I don’t think I have a single, extended, project, other than that my thinking, I hope, is always developing. I suppose the way I create work, partly by necessity right now, is quite fragmented and sporadic. I like the weaving idea, I think it speaks to how certain words and phrases re-emerge in my work. There are some things I can’t seem to help writing down again and again and putting in different things, changing its context, adding it as a recurring shade in different pieces.   

Have you a daily schedule by which you work, or are you working to fit this in between other activities?

I wish I had a daily schedule for my creative writing, but no. I’m currently fitting it around/beside/on top of a few other things. Mainly working toward a PhD, looking at the sound and visual poetry of Bob Cobbing and Steve McCaffery, as well as working in the archives here. Fortunately, both things bring me into contact with a lot of visual poetry, and I’ve found that I’m at my most creatively prolific when I should definitely be doing something else (like writing a thesis). 

What are your favourite print or online literary journals?

Anywhere that welcomes the more visual side of poetry. I’ve always loved streetcake, they always put great stuff out, petrichor is another one, I like that they welcome gifs and the like, and, of course, talking about strawberries, which I came across after looking for bpNichol related things. I was in the first issue of a new magazine called Mistranslations, from Sparkling Tongue Press, and they seemed really keen to get new visual poetry out to people, I hope they manage to continue, it’s tough out there right now. 

Who are some of the writers you are reading lately that most excite you?

I’ve just finished co-editing the latest edition of Poetry & Audience magazine (shameless plug) so I’ve been spending a lot of time reading the poetry submissions for that. We have a lot of work in there from undergraduates at the University and, it may be a bit of a cop-out, but reading that stuff is really exciting, seeing new writers emerge and gain confidence. I can’t wait to see some of their names about in the future and say to someone ‘we were the first to publish them’. That’s exciting.

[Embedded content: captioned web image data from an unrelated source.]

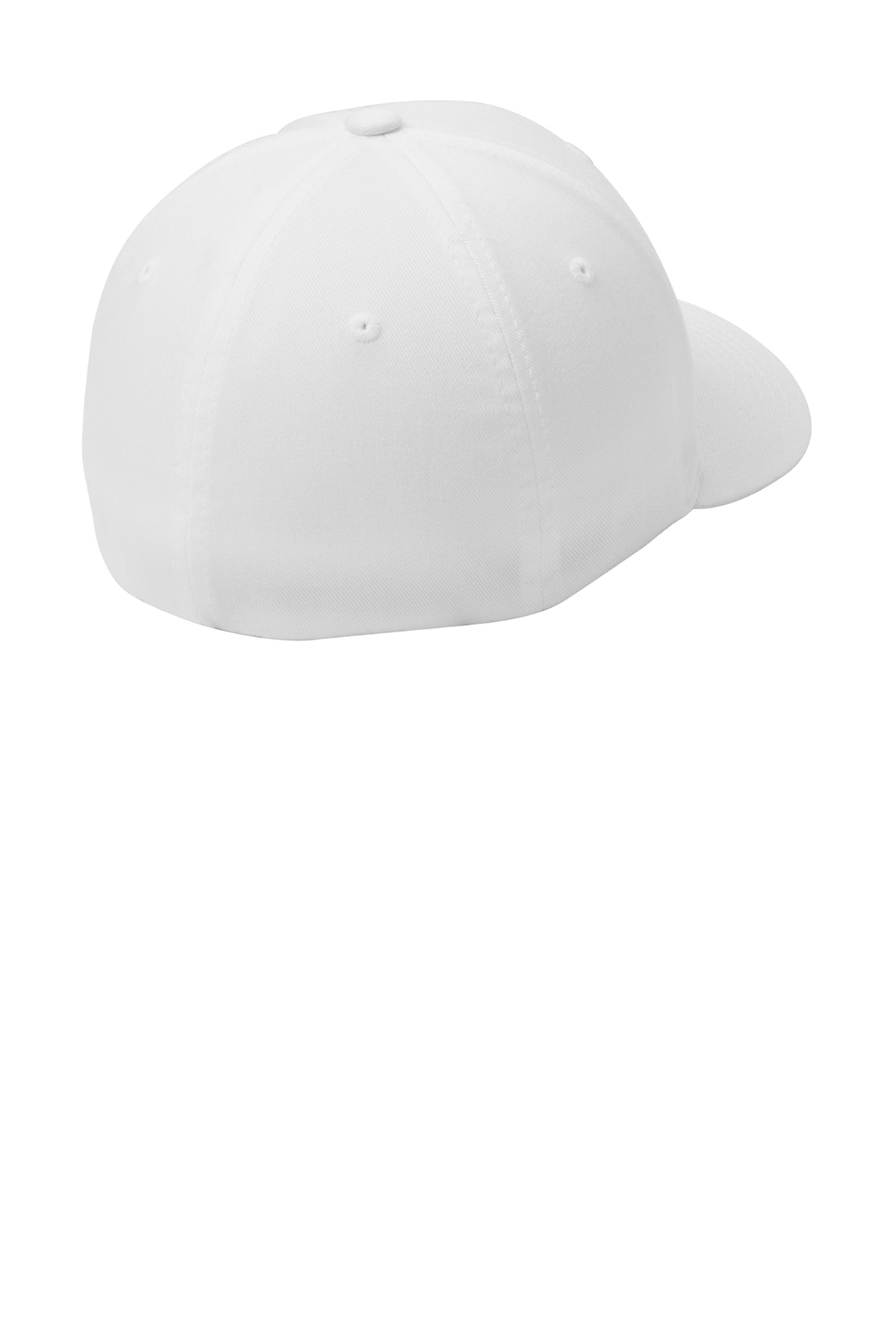 Port Authority Flexfit Custom Caps, White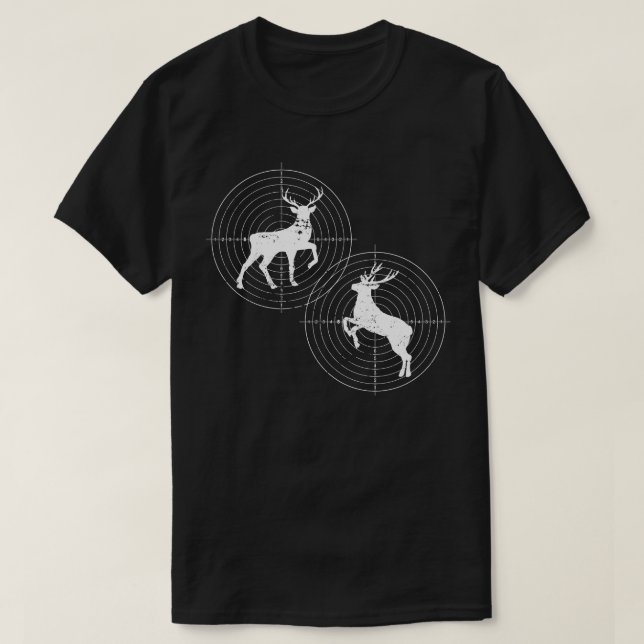 Deer Hunting T-Shirt (Design Front)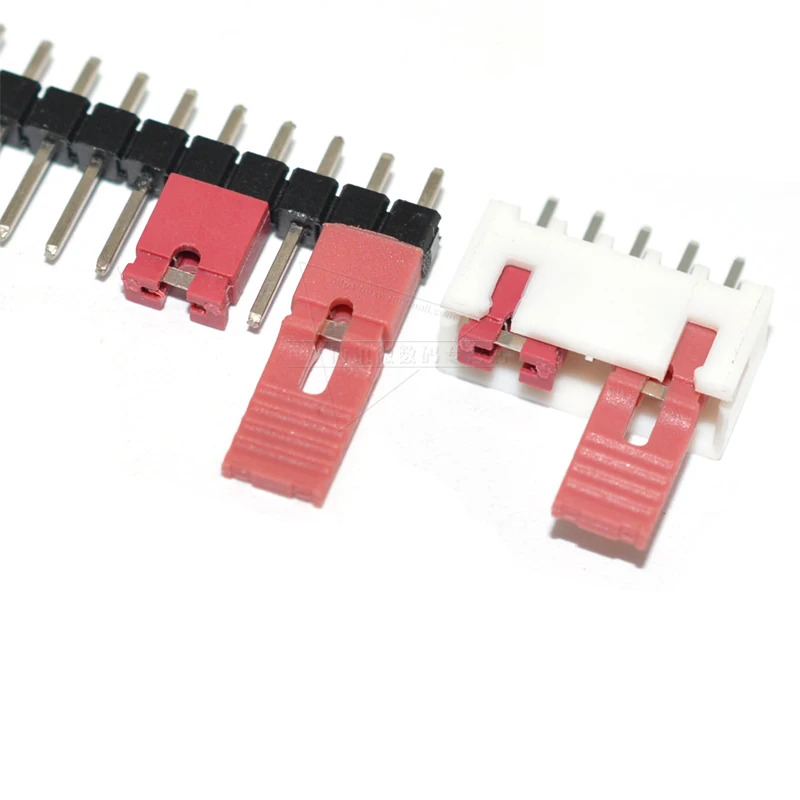 Tapa Puente 2.54mm - Aplicación en placa de circuito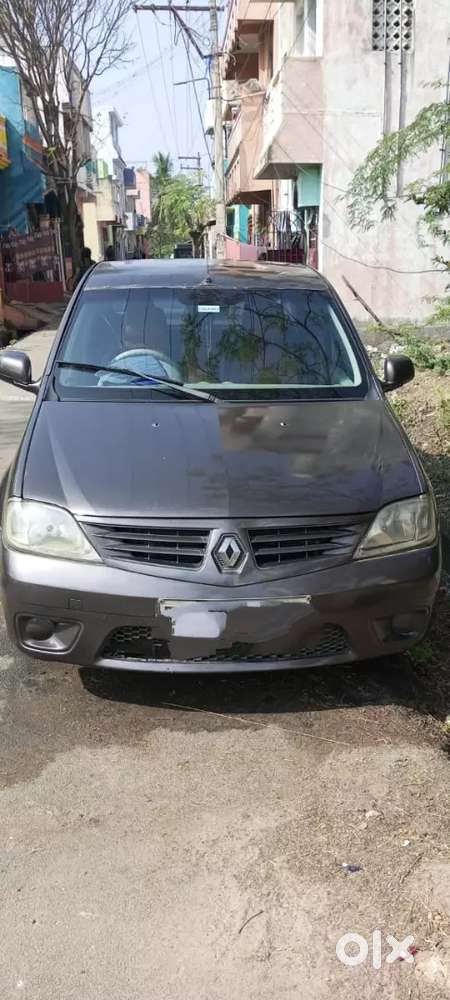 Mahindra Renault Logan 2007 Diesel 106500 Km Driven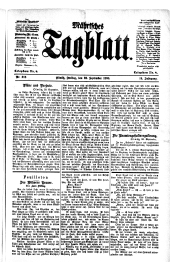 Mährisches Tagblatt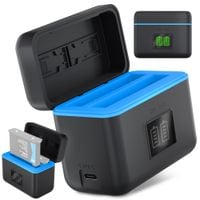 Ładowarka dwukanałowa NEWELL STD-USB do akumulatorów Insta360 X5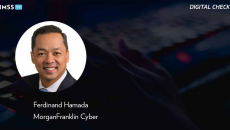 Ferdinand Hamada, MorganFranklin Cyber_Hand typing on keyboard Photo by Soumil Kumar/pexels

Anything/everything that Nathan Walker does is fantastic (The performance art, video, and poetry practitioner, not the Welsh-born Australian professional ice hockey forward who is currently playing for the St. Louis Blues of the National Hockey League). 

 

 




Jon Gilbert is a poet, based in Leeds, UK. His work is interested in the resistive qualities of text. He is currently working in the archives at the Brotherton Library, alongside teaching and completing a PhD.

A selection of his visual poems appear in the ninth issue.